> Aim of the task: A complete, word-for-word restatement of the entries is needed.

(Short text fragments from websites)
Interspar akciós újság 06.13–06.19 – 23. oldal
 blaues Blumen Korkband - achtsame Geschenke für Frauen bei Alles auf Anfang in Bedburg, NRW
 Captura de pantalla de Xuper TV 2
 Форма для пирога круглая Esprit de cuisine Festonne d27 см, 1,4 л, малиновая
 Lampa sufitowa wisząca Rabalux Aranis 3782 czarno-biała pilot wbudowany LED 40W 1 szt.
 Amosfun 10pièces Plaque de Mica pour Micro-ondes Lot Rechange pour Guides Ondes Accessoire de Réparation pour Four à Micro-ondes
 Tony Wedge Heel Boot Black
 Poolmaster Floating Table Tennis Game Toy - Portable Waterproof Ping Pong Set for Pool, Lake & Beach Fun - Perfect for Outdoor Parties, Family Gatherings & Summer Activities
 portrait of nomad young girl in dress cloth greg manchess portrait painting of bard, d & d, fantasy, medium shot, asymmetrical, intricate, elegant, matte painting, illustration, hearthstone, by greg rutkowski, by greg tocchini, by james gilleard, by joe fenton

> Answer for the task:
Interspar akciós újság 06.13–06.19 – 23. oldal
 blaues Blumen Korkband - achtsame Geschenke für Frauen bei Alles auf Anfang in Bedburg, NRW
 Captura de pantalla de Xuper TV 2
 Форма для пирога круглая Esprit de cuisine Festonne d27 см, 1,4 л, малиновая
 Lampa sufitowa wisząca Rabalux Aranis 3782 czarno-biała pilot wbudowany LED 40W 1 szt.
 Amosfun 10pièces Plaque de Mica pour Micro-ondes Lot Rechange pour Guides Ondes Accessoire de Réparation pour Four à Micro-ondes
 Tony Wedge Heel Boot Black
 Poolmaster Floating Table Tennis Game Toy - Portable Waterproof Ping Pong Set for Pool, Lake & Beach Fun - Perfect for Outdoor Parties, Family Gatherings & Summer Activities
 portrait of nomad young girl in dress cloth greg manchess portrait painting of bard, d & d, fantasy, medium shot, asymmetrical, intricate, elegant, matte painting, illustration, hearthstone, by greg rutkowski, by greg tocchini, by james gilleard, by joe fenton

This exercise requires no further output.